Then and now: How Trump impeachment hearing is differentBreaking News
tags: impeachment, Trump, hearings
The public impeachment inquiry hearings this week usher in a rare and momentous occasion in American history as Congress debates whether to remove a president from office.
There are consistencies in the process — televised hearings, partisan rancor and memorable speeches — but each impeachment process also stands alone as a reflection of the president, the Congress and the times.
Even if the two most recent impeachment proceedings — against Presidents Richard Nixon and Bill Clinton — offer instructive clues about the path ahead, there are notable differences in the case surrounding Donald Trump.
A look at then and now:
THEN: During the Clinton impeachment, the House held no serious hearings because the independent counsel, Kenneth Starr, had delivered dozens of boxes of evidence with recommendations for charges.
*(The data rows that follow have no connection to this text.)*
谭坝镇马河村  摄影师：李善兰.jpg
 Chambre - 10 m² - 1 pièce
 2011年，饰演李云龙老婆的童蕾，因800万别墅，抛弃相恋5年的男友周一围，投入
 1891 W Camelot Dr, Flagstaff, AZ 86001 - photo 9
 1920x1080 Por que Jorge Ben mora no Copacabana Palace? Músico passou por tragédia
Even during the Nixon proceedings decades earlier, lawmakers were considering evidence gathered through months of investigations by specially appointed prosecutors — first Archibald Cox and later Leon Jaworski. In both cases, the impeachment proceedings followed extensive law enforcement investigations.
NOW: The House Intelligence Committee has taken on the primary role of assembling a case against Trump, with no supplemental Justice Department investigation. These impeachment proceedings are unfolding simultaneous to the investigation itself.